Talk:Proposal Page Tabled Memory and Event Layout
Fixed Sized Memory Chunks
Having fixed size chunks of memory and pointers to them can be better than copying data around, and may work better than malloc/free of memory. A fixed size will not cause memory fragmentation. However, overall I think the proposal is too vague. The devil is in the detail.
- In my SlippyPanel plugin module, I use blocks too. My block size is determined by the sound card (512 samples). Looping is achieved without a click by fading out the last packet and fading in the next one. This leads to audible drops in sound level at the boundary, but still is a lot better than a click. Perhaps better would be a crossfade from one to the other, i.e. playing two blocks at the same time, and perhaps better still a smart join where an instant excision repair is done to avoid a click. I currently can only loop at 10ms boundaries.

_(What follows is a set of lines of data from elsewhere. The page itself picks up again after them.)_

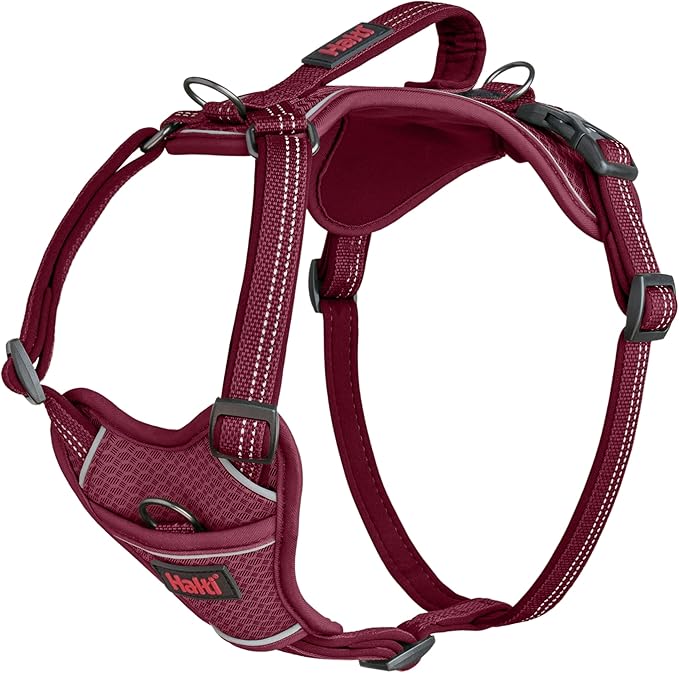 Halti Walk - Anatomy Harness Magenta S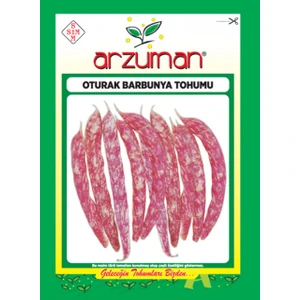Bezelye Oturak Barbunya Tohum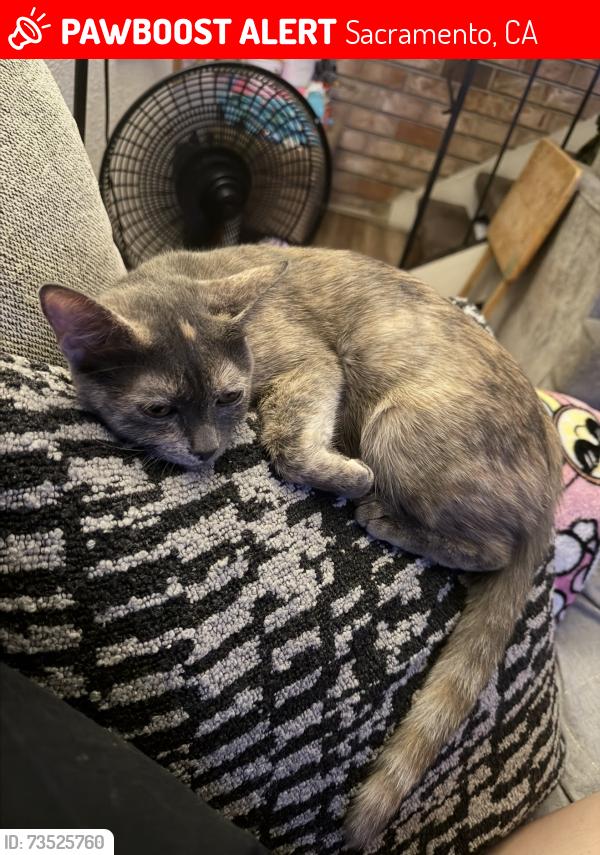 Lost Female Cat last seen Near 42st and fruitridge, Sacramento, CA 95824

- This proposal implies looping at 10ms boundaries (only). Is that acceptable? Maybe not, if we have sounds with sharp onset.

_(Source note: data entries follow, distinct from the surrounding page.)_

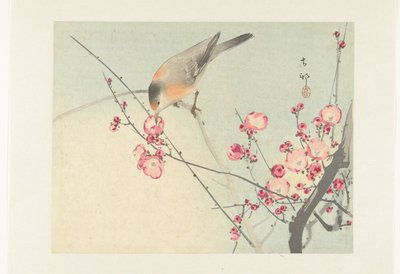 Sangfugl på blomstrende gren af Ohara Koson
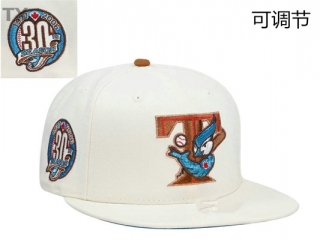 MLB Texas Rangers Snapback Hat (73)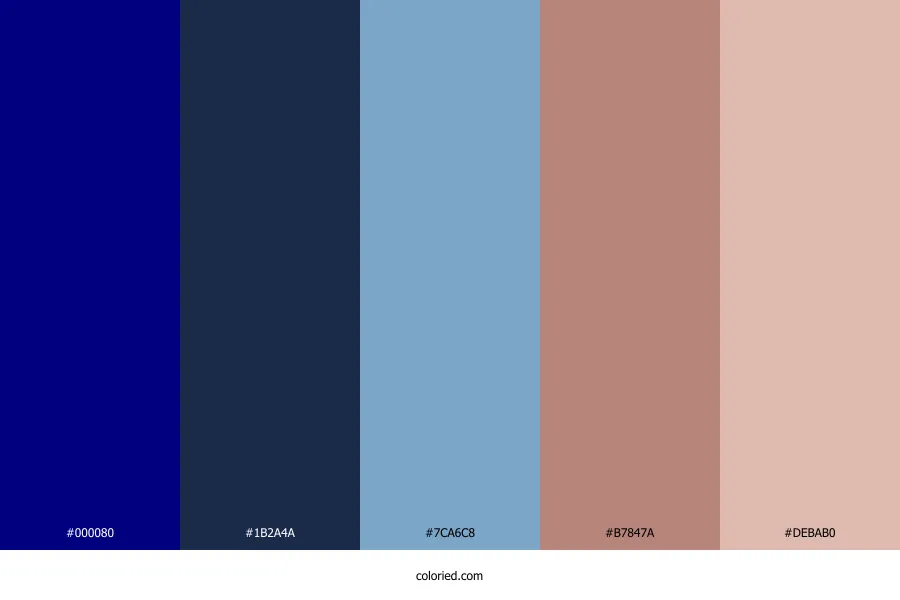 Dusty Rose and Navy Blue Color Palette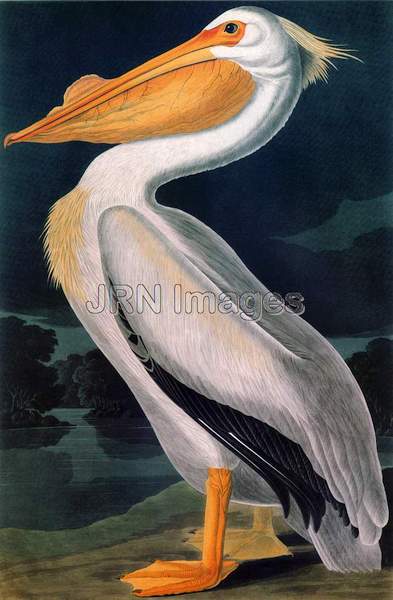 American White Pelican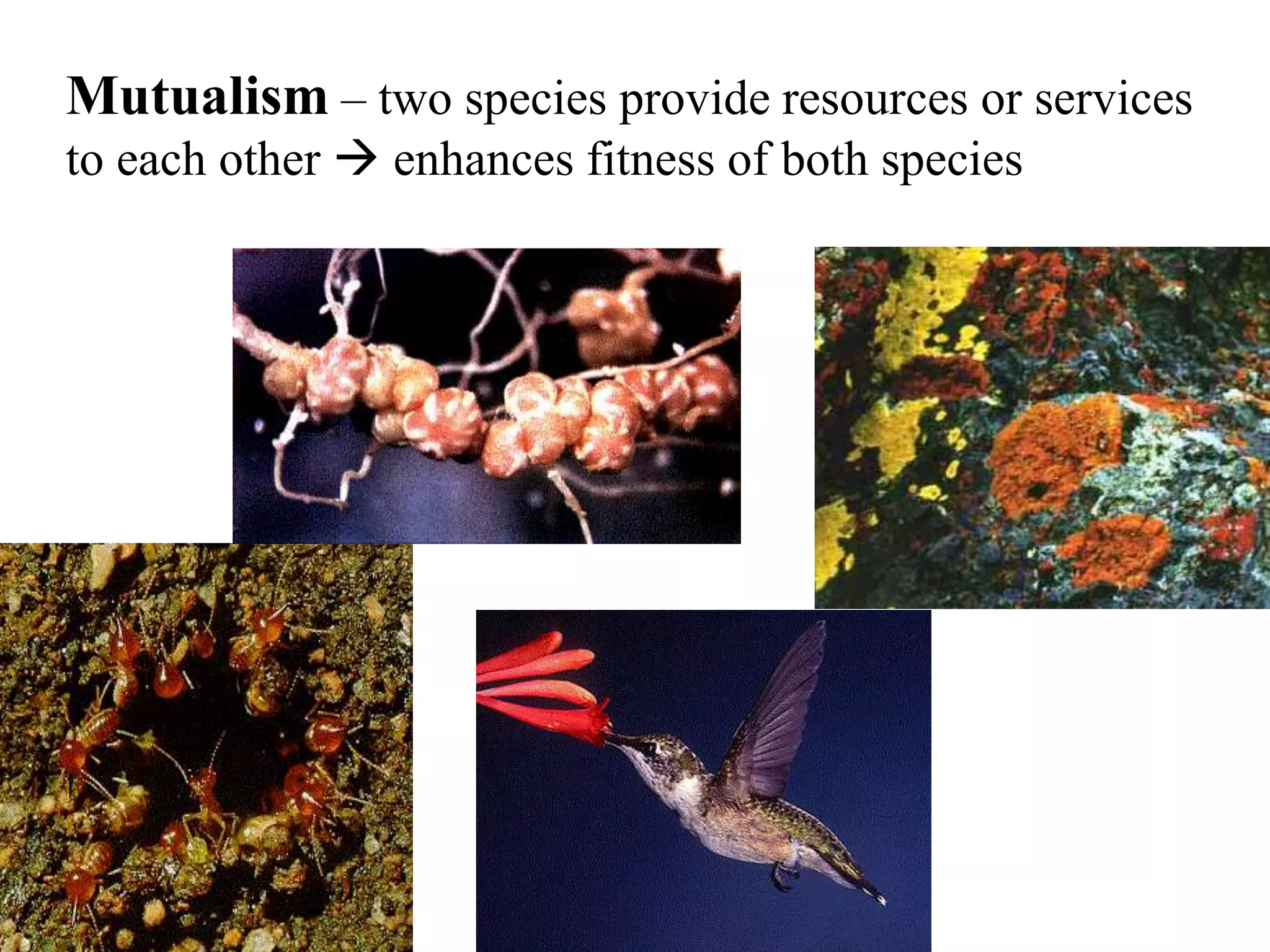 Mutualism – two species provide resources or services
to each other  enhances fitness of both species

- The proposal looks only at sample data. What about envelope data? What about summary data (used in drawing the waveform)? Whether these are 'in the chunk' or in their own chunks matters a lot to implementation. Also do we treat stereo left and right as two chunks or do we interleave?
- How much processing do we allow actually during output? For example, do we allow equalization on output? The more processing we allow during output the lower the latency between a change in a parameter and it taking effect, but also the higher the risk of underruns.
- Mp3 encoding also uses blocks, and FFTs will have overlapping blocks. Working at block boundaries in mp3 allows for lossless rearrangement. We can't set those block sizes. Our block size might not match the block size of the sound device either. So we may still need code to merge and split blocks of different sizes. So do fixed block sizes gain us anything?
- An alternative to fixed block sizes is to set a lower size and upper size for any block. The lower size guarantees that the overhead for switching blocks will be a small proportion of the time spent on the block. The upper size puts a limit on (a) how much copying must be done when making new block boundaries and (b) how much wasted 'unused space' we allow per block.
Yes I am very lacking in details. I hope I can explain some of the refinements without too much trouble. I have thought of many of these issues, expressing them in text is a bit harder.
- Sub-10ns-edits will be done via floating windows. When a percentage of a block is added or removed, the block containing the sample point to be inserted is given the event. Because it saves the index of the block it has cut, it is there for further refinements and processing. Variables within the stream will detail these sub-points.
- Example: If making a cut from block 3.1 to 5.3, the event would go in the 3 bin. The event would put the 0.1 from 3 into the stream and fill the rest of the block from the 0.3 point of block 5 overrunning to 0.2 of block 6. Blocks from then on would be filled from 2 blocks with an overlap value of 0.2-0.8.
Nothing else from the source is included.